EXERCISE DATA:
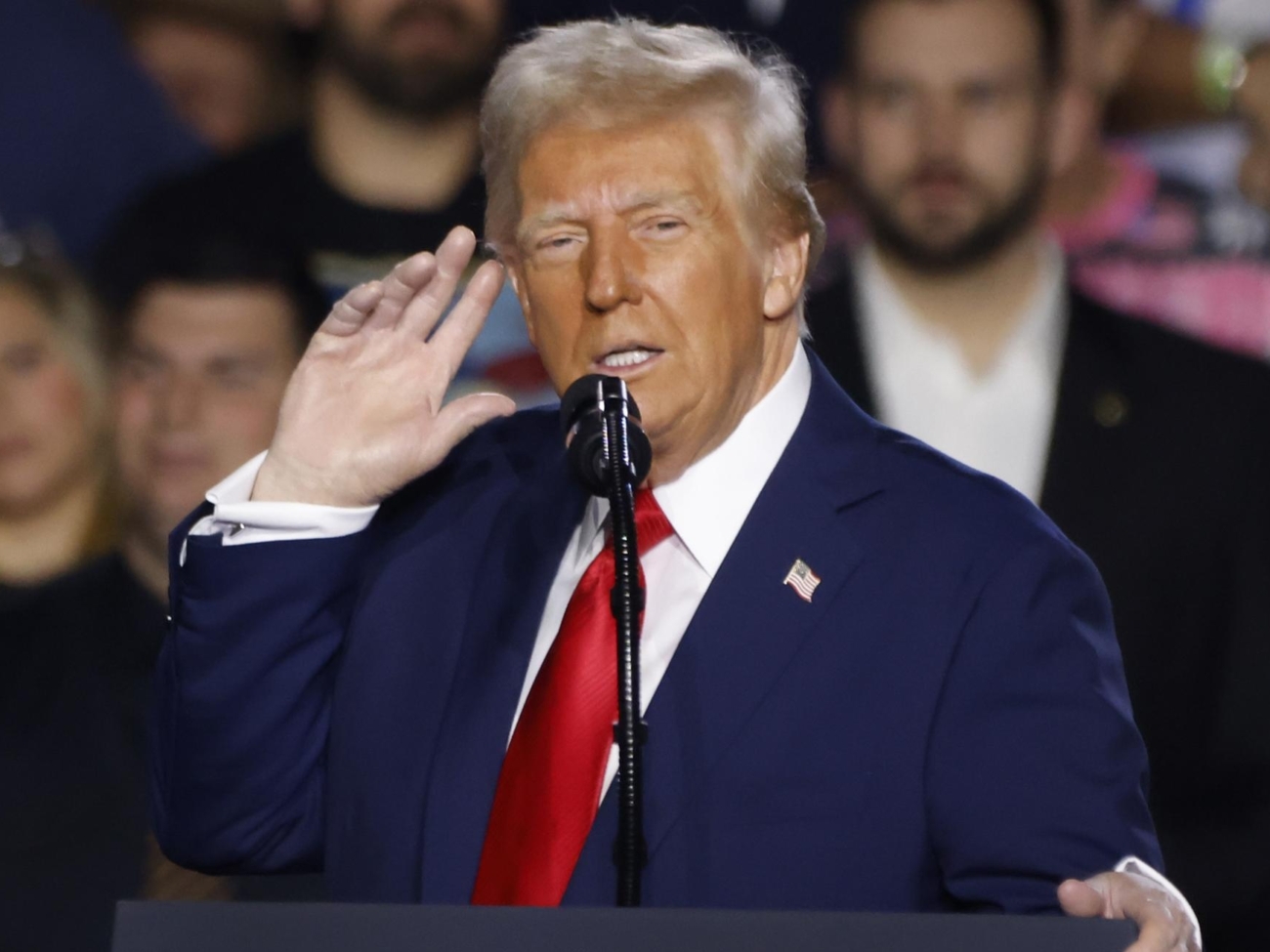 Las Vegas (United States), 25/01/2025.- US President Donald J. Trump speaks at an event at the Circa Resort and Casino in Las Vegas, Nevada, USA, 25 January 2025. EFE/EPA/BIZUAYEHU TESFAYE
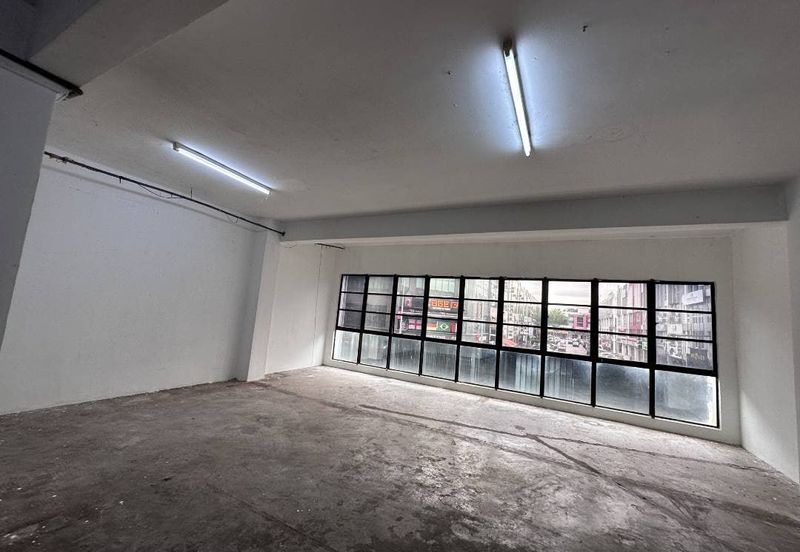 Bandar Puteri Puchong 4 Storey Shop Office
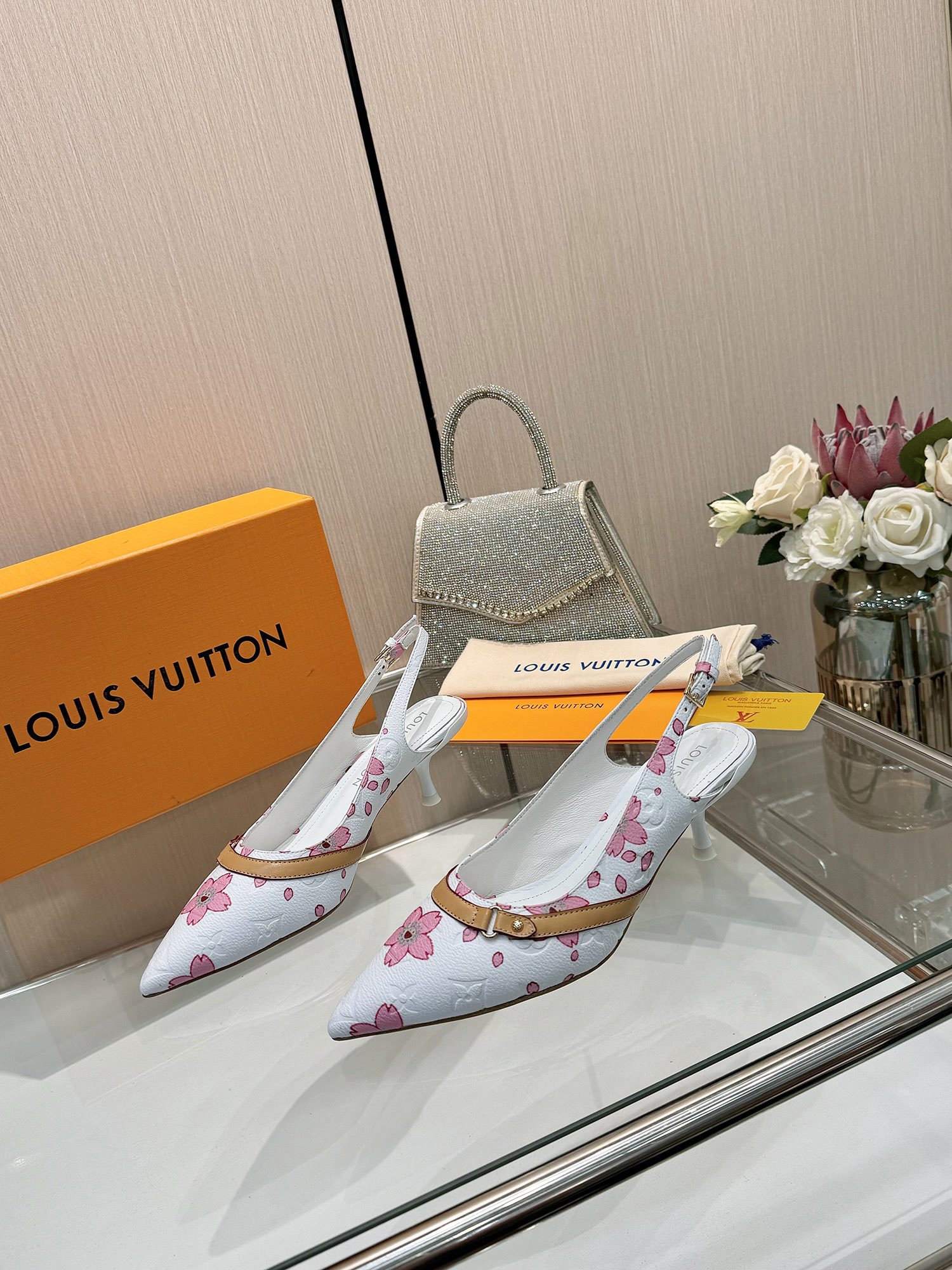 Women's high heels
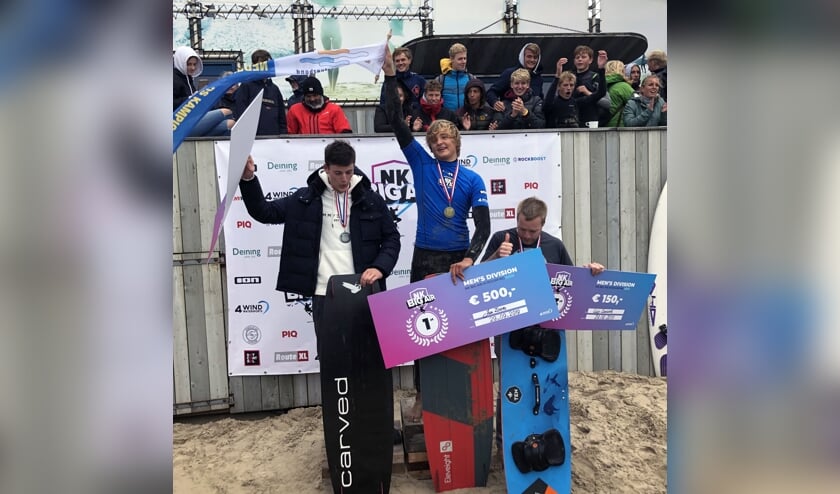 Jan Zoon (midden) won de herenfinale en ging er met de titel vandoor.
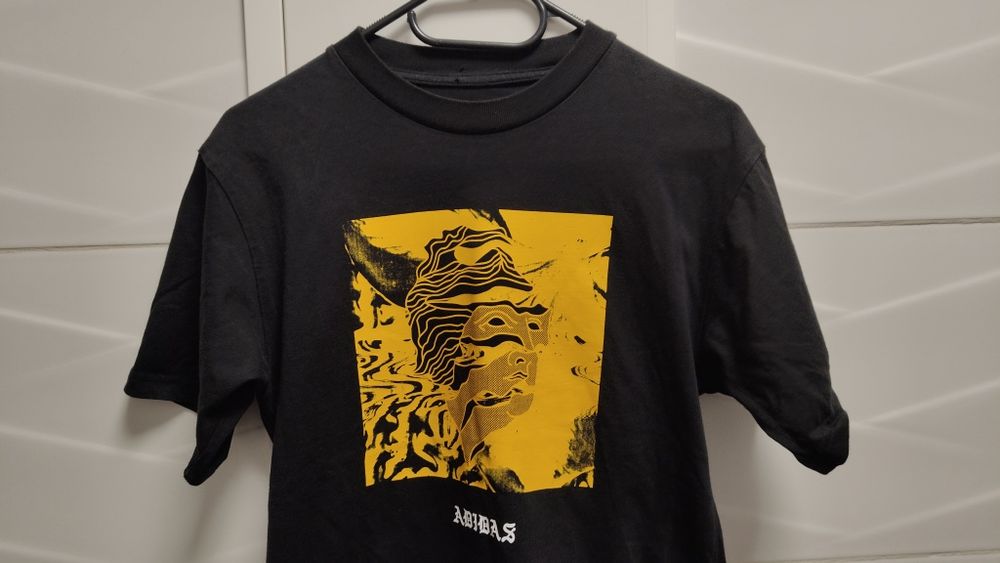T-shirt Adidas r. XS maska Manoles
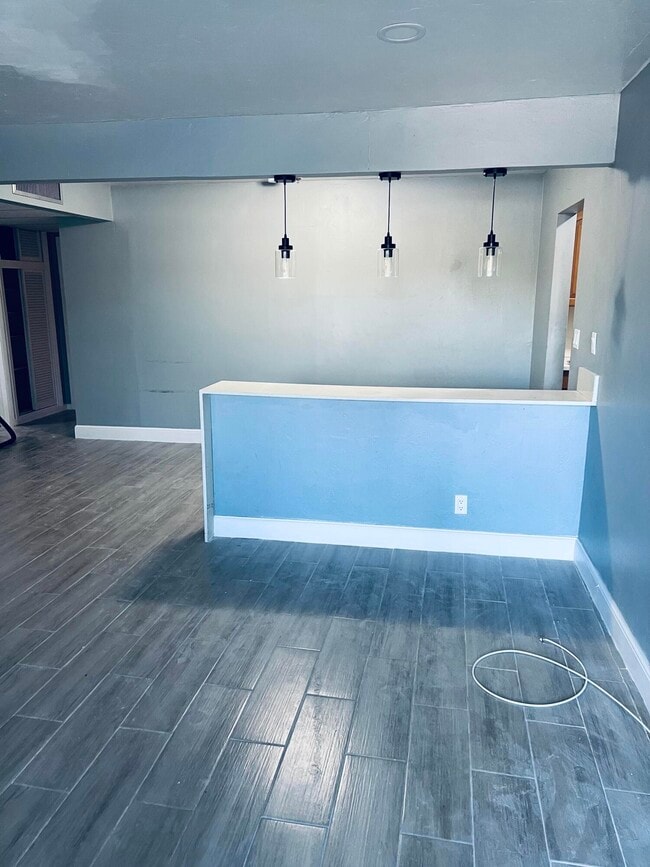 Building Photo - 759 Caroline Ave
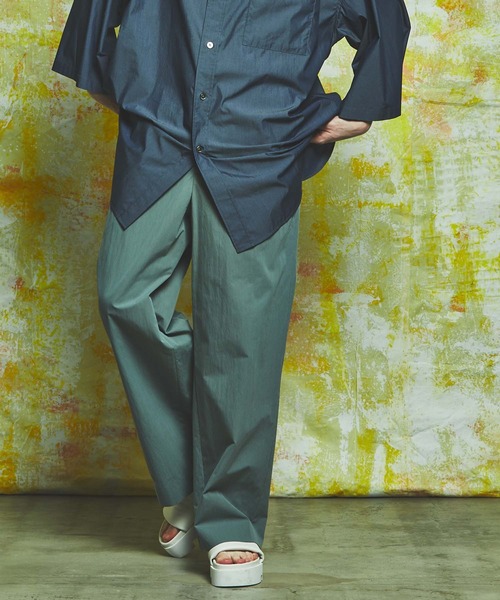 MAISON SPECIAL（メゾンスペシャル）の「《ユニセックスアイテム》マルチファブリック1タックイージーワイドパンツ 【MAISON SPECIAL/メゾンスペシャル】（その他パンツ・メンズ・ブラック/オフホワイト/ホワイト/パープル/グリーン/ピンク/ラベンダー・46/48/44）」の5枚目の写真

WHAT IS REQUIRED: Output the entries above exactly, without their pictures.

WORKED SOLUTION:
 Las Vegas (United States), 25/01/2025.- US President Donald J. Trump speaks at an event at the Circa Resort and Casino in Las Vegas, Nevada, USA, 25 January 2025. EFE/EPA/BIZUAYEHU TESFAYE
 Bandar Puteri Puchong 4 Storey Shop Office
 Women's high heels
 Jan Zoon (midden) won de herenfinale en ging er met de titel vandoor.
T-shirt Adidas r. XS maska Manoles
 Building Photo - 759 Caroline Ave
 MAISON SPECIAL（メゾンスペシャル）の「《ユニセックスアイテム》マルチファブリック1タックイージーワイドパンツ 【MAISON SPECIAL/メゾンスペシャル】（その他パンツ・メンズ・ブラック/オフホワイト/ホワイト/パープル/グリーン/ピンク/ラベンダー・46/48/44）」の5枚目の写真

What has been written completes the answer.